Without speaking French, you are basically accepting that you will only ever read a book written in that language in translation. That seems a sad capitulation to necessity – one can't learn every language – but not one to be justified by declaring the language to be useless, and therefore unnecessary. Even Mandarin and Arabic, I daresay, are most vital when they are fairly useless, in bursts of poetry and flirtation. What is the use of a Gradgrind like Mr Bryant, I really couldn't tell you, contributing neither to our knowledge or amusement.
Sweet irony to Marvel at in the land of piñatas
The piñata is a Mexican custom – it sounds absolutely delightful. A hollow painted papier-mâché figure, of an animal or a comic figure, is filled with sweets and hung up at children's birthday parties. The children apparently take turns at hitting it until the thing breaks open and the sweets pour out. It sounds much more fun than Pin The Tail on the Donkey and other "entertainments" of my youth. Not to the government lawyers of Mexico, who noticed that street vendors of piñatas were dealing in hollow figures of Spiderman, the Incredible Hulk and Captain America, all under copyright to Marvel Comics. Whether under pressure from the American corporation or not – the company denies it – a hundred of the sweet handmade figures were seized. "Piracy helps to fund organised crime," the government said with a straight face.
To be honest, it is hard to envisage the cocaine gangs of Mexico City seeing vast profits to be made by sitting up late at night with a bucket of wet newspaper and a photograph of Captain America to be copied. All my sympathies are with the ingenious makers of piñatas, who have provided their juvenile audiences with what they want. I'm sure Marvel Comics are perfectly able to recognise that what they are getting here is free advertising, sincerely supplied, which is depriving the corporation of not one peseta in income. Keep hitting those piñatas, kids, as hard as you like.

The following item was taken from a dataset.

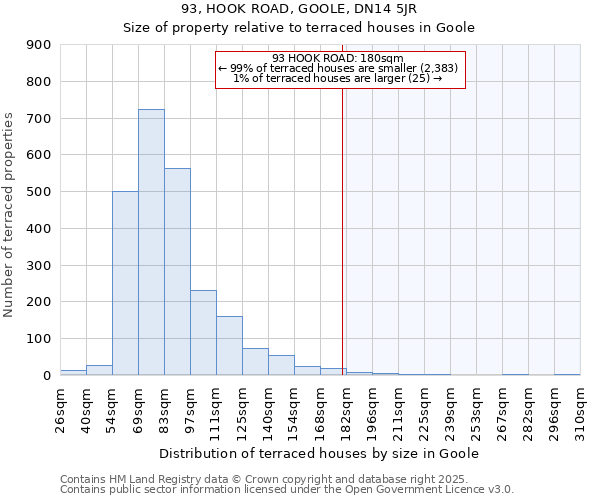 93, HOOK ROAD, GOOLE, DN14 5JR: Size of property relative to terraced houses houses in Goole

Eggs Benedict with a simple twist of Ratzinger
An Italian publisher has seen an unlikely gap in the market, and brought out a cookbook of what purports to be Pope Benedict XVI's favourite dishes from childhood. The dishes, dubiously sourced to a woman who used to live next door to the Ratzingers, have horrified Italy. L'Espresso said it was a miracle that, eating like that, he had survived so long.
Italians are notoriously parochial when it comes to food. When an Italian tourist tells you that "the food is so terrible in England", you can be sure that he means the food in the terrible Italian trattorias he insisted on eating in twice a day during his London trip. In fact, the dishes in the cookbook are often lovely German classics which hardly need a Pope's imprimatur; they include that most delicious of light consommes with an elegant meat dumpling, Leberknodelsuppe, roasted veal kidneys and what sounds like Wienerschnitzel – all perfectly appetising and even rather healthy.
No one is ever going to make any money opening a German restaurant in Italy, or probably in England for that matter, but the cooking of the Pope's native Bavaria is unquestionably delicious, and worth a trip on its own. I won't claim that Schweinshaxe is particularly healthy, but it definitely surpasses in succulence and taste any Italian pork dish. And it's worth noticing that the Pope's maternal grandfather was a baker. If he was as good as most Bavarian bakers, I'm sure the Pope is quite right to miss his family productions, and regret being reduced to eating the insipid and savourless bread of most Italians.